The researchers extracted DNA from tissue samples taken from boas and pythons diagnosed with IBD, and used rapid, high-throughput techniques to learn the sequence of those strands of DNA. In amongst all the snake DNA sequences there were sequences of DNA that clearly belonged to viruses - viruses that are members of the arenavirus family. The authors were later able to grow and isolate one of those viruses using snake tissues cultured in the laboratory.
While it is an important development from a practical standpoint, since identifying the causative agent for a disease is the first step in developing treatments, vaccines, diagnostics, and prevention policies it is also an incredible discovery for virology: the virus belongs to a group of viruses no one knew existed.

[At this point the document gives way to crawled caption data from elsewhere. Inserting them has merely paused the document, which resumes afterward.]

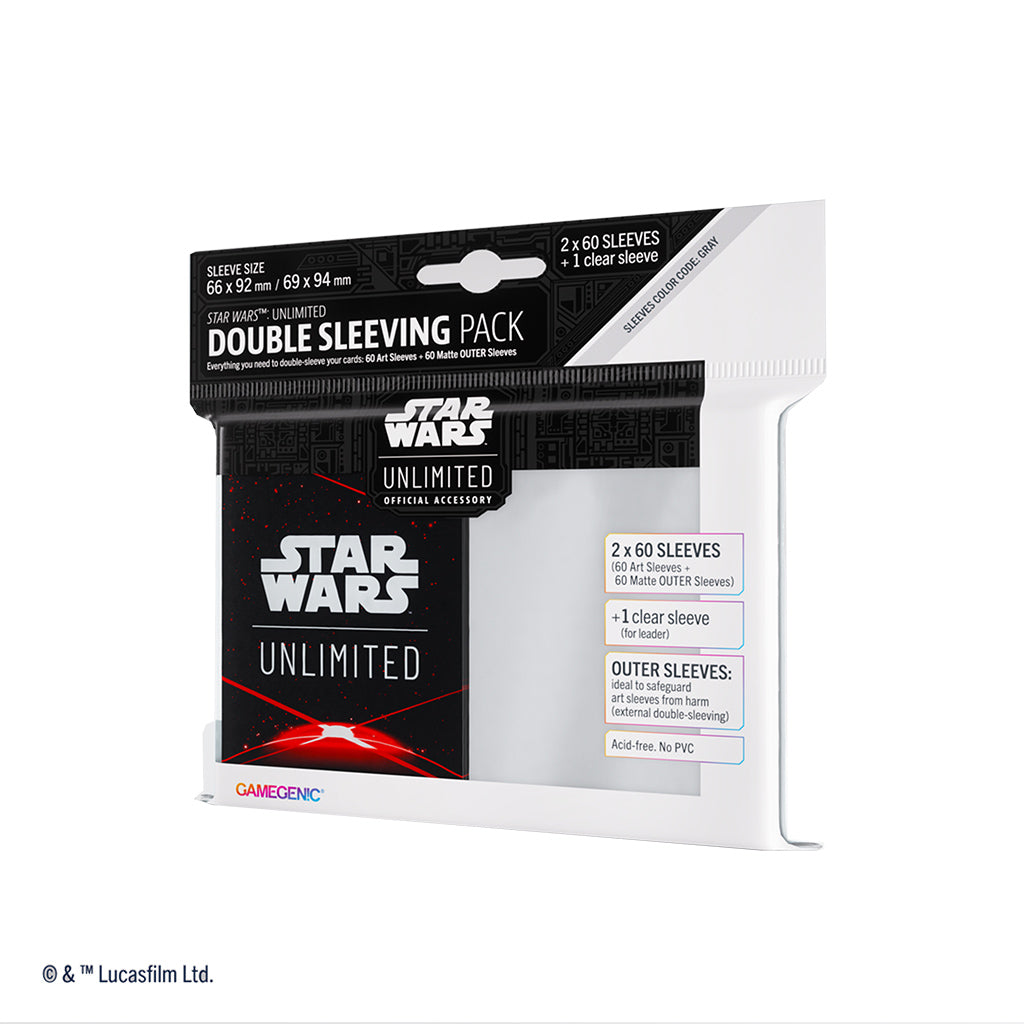 Gamegenic Star Wars Unlimited Art Sleeves Double Sleeving Assorted Styles | Odin's Place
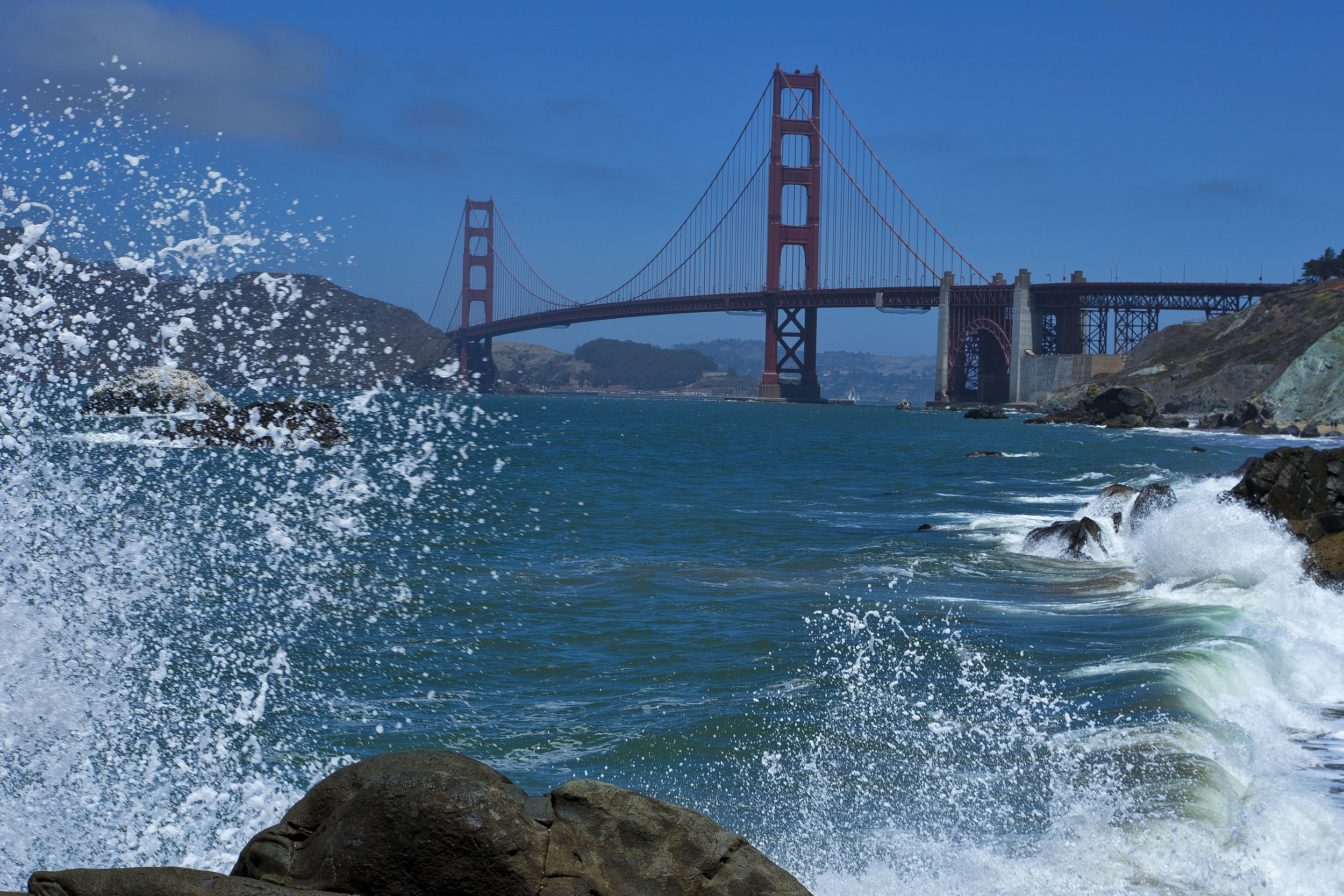 Golden Gate Bridge From Baker Beach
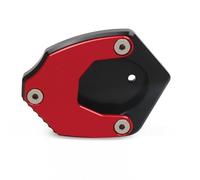 Béquille Pied Plaque Protection Béquille Latérale De Moto pour Kawasaki pour Versys 650 pour Vulcan 650 S 2010-2021 Extension De Support De Béquille Agrandir Pad(Rouge 1)
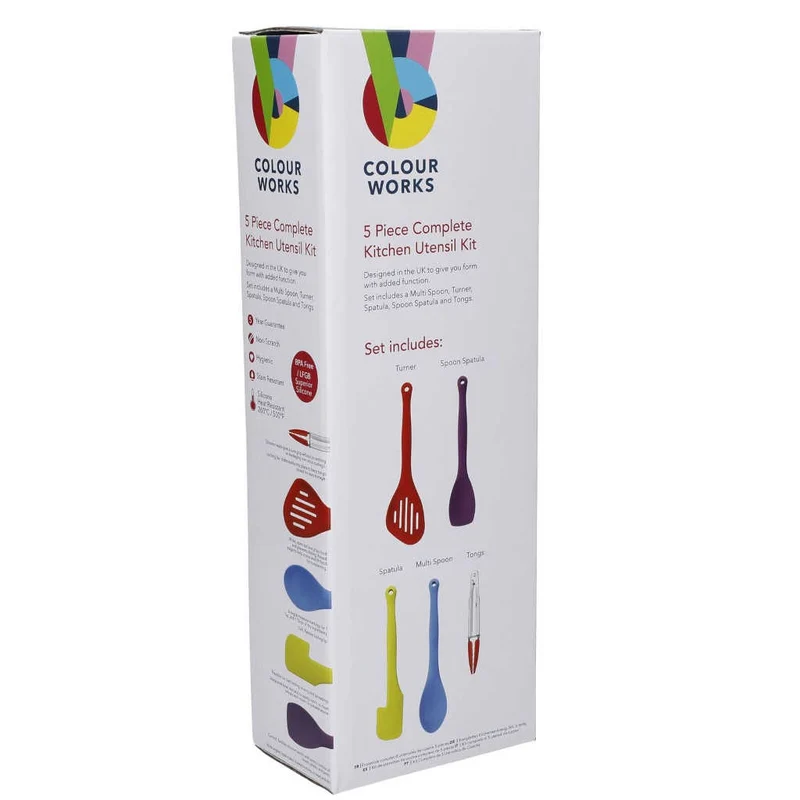 Set de 5 utensilios de silicona Colourworks KitchenCraft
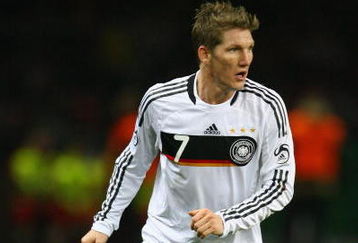 BERLIN - NOVEMBER 19:  Bastian Schweinsteiger of Germany in action during the International Friendly match between Germany and England at the Olympic Stadium on November 19, 2008 in Berlin, Germany.  (Photo by Alex Livesey/Getty Images)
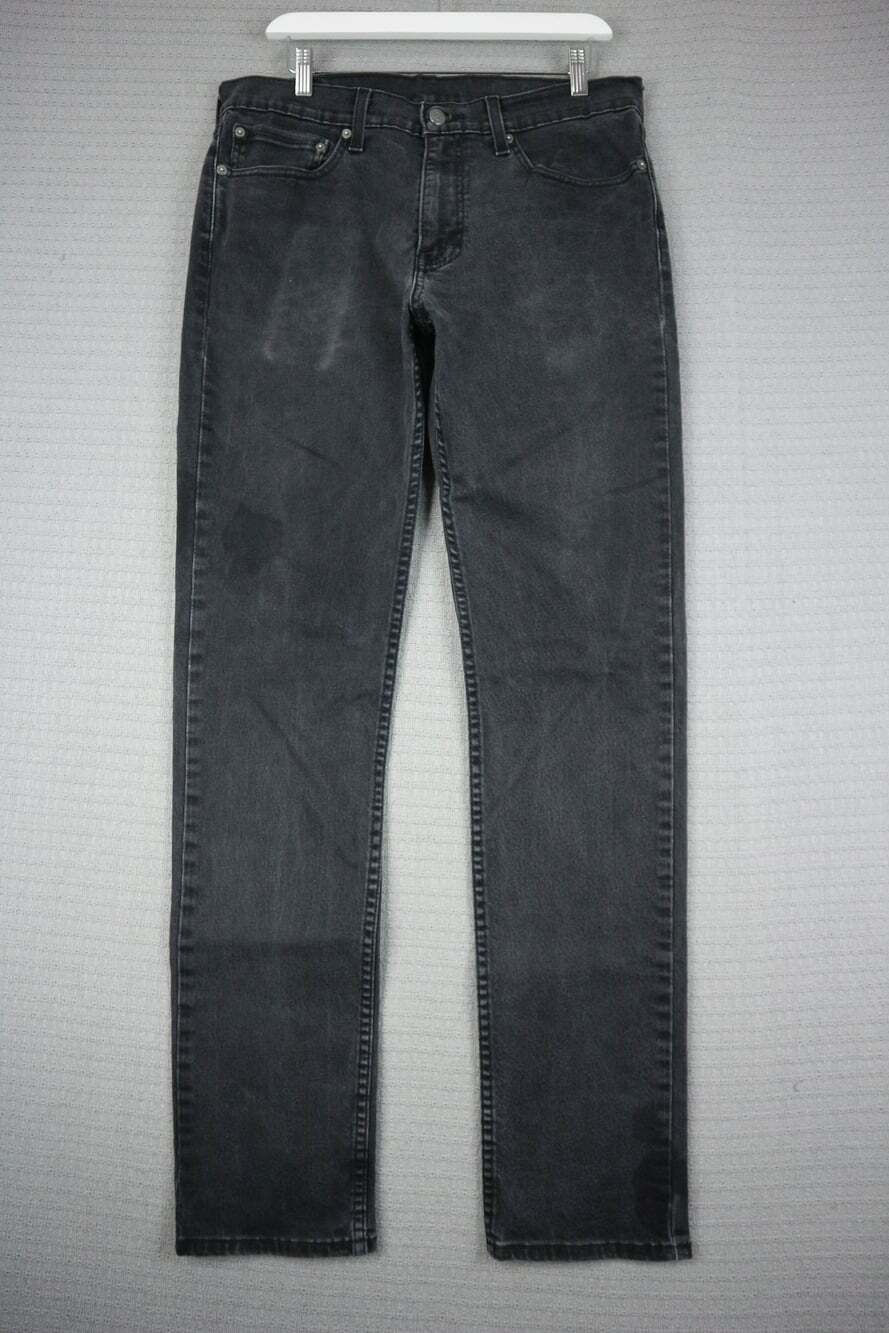 Levi's Faded Black 511 Skinny Slim Fit Mens 34x34 Denim Jeans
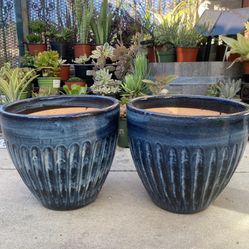Blue Ceramic Pots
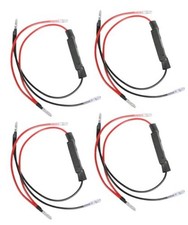 4pcs Motorcycle Turn Signal LED Resistor - 12V Flash Blinker Fix Error, Car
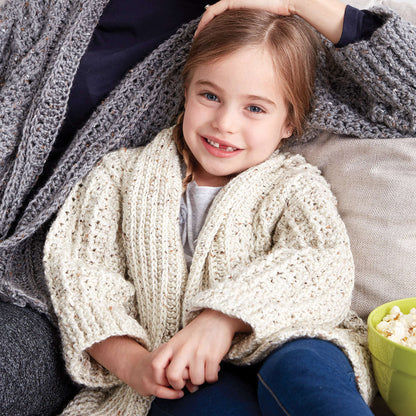 Caron Crochet Chill Time Child's Cardigan Size 8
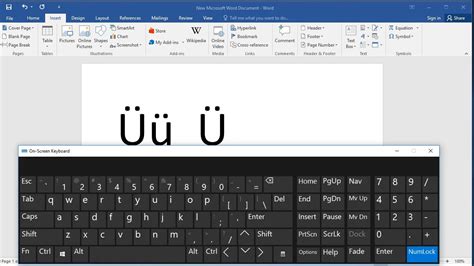 How To Type Letter U With Diaeresis Two Dots In Word How To Put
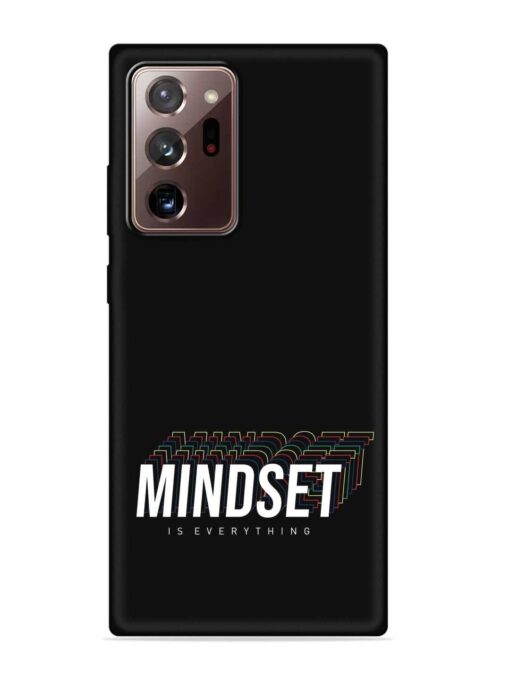 Mindset Everything Slogan Embossed Soft Silicone Case for Samsung Galaxy Note 20 Ultra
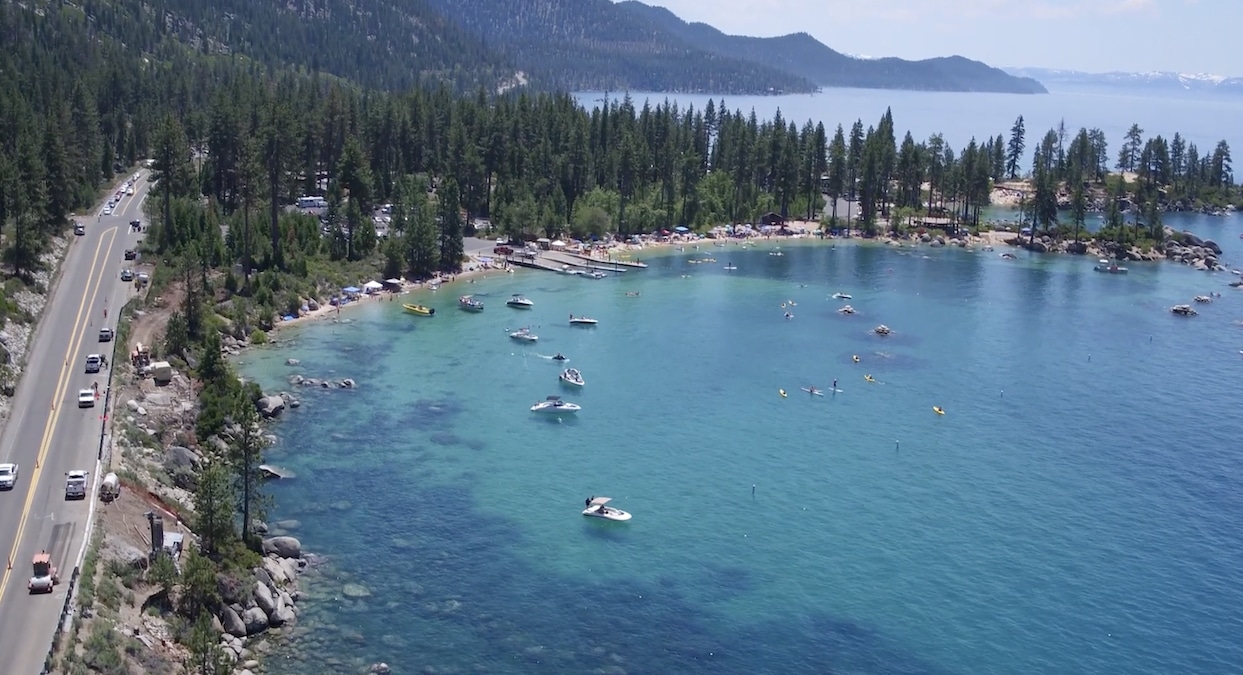 Volunteer scuba divers removed debris from Lake Tahoe.
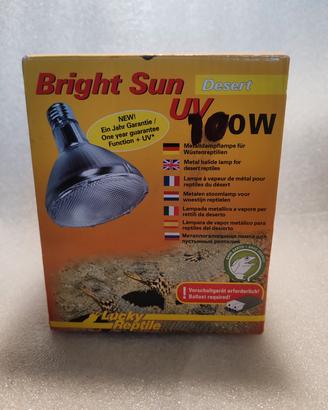 lampadina per rettili 100W , E27 , 6000k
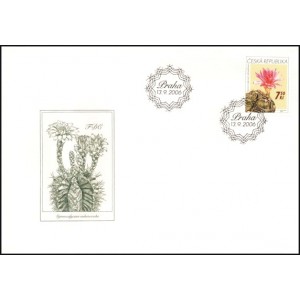 0484-487 (s&eacute;rie FDC) - Pěstitelstv&iacute; - kaktusy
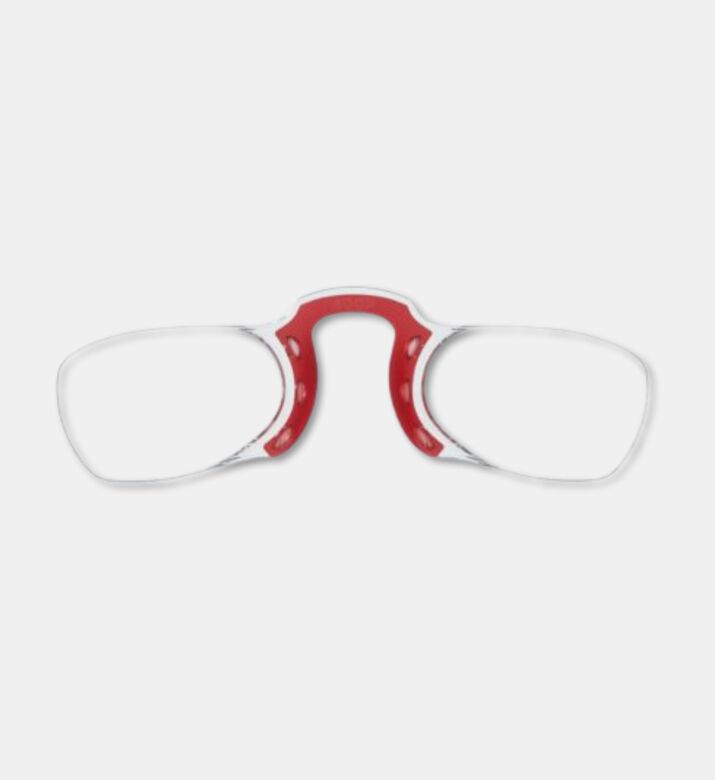 Nooz Minimalist Rimless Reading Glasses, Red, 1.5, Packshot View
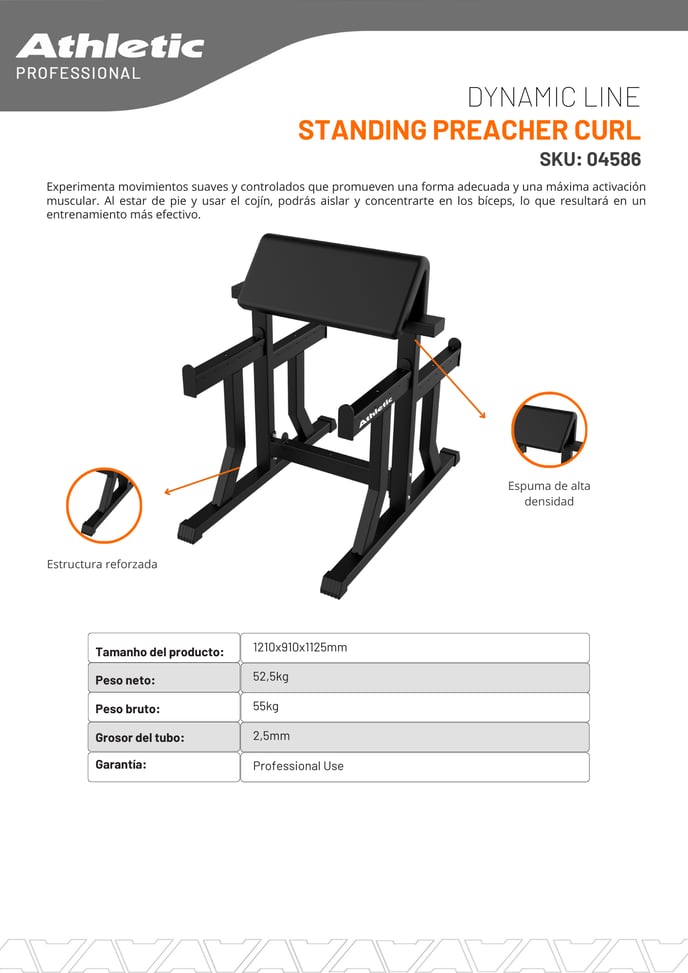 04586 - DYNAMIC - STANDING PREACHER CURL - ENCARTE DEL PRODUCTO-2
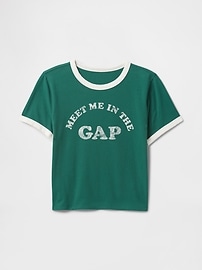 Cotton Jersey Logo Baby T-Shirt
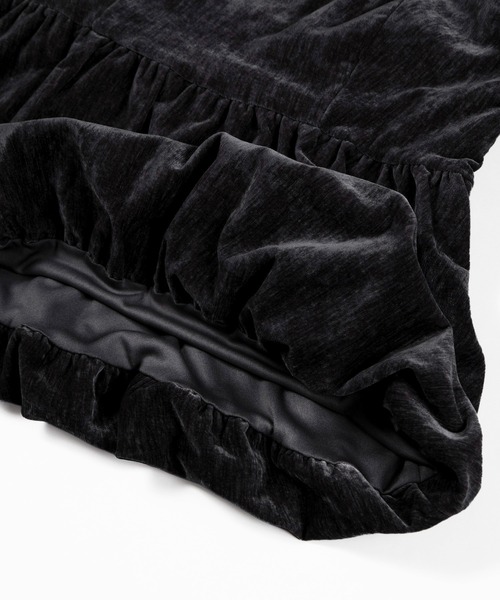 PUNYUS(プニュズ)の「ベロアバルーンキャミチュニック(チュニック・レディース・ブラック/オフホワイト/グレー・1/2/3/4/5)」の12枚目の写真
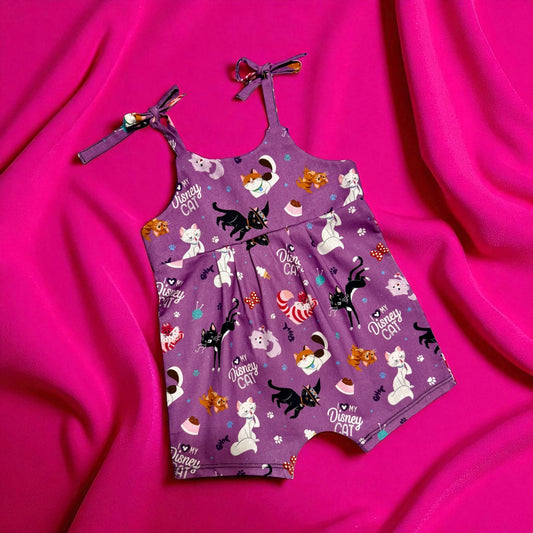 Kitty friends Tie bubble Romper size 12/18m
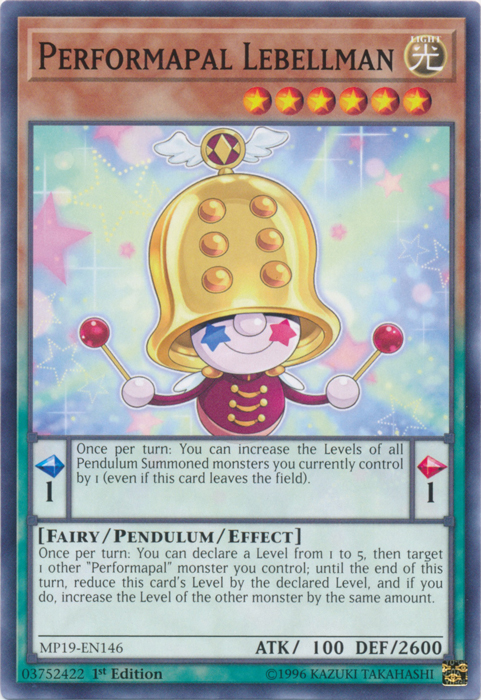 Performapal Lebellman [MP19-EN146] Common | Jomio and Rueliete's Cards and Comics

"This is one of the most exciting things that has happened to us in virology in a very long time. The fact that we have apparently identified a whole new lineage of arenaviruses that may predate the New and Old world is very exciting," says Buchmeier.
According to Buchmeier, this new isolate doesn't fall neatly into either of the two known categories of arenaviruses, Old World arenaviruses and New World arenaviruses. The fact that the virus was found in snakes adds another surprise twist, since up until now arenaviruses had only ever been found in mammals.
Metagenomic techniques that examine large samples of DNA for small bits of information, like the approach used in the study, are extremely powerful for identifying new viruses, Buchmeier says.
"Twenty years ago we would have called this a fishing expedition. It is fishing, but the techniques are so good and so sensitive that they allow us to determine which new types are there," says Buchmeier.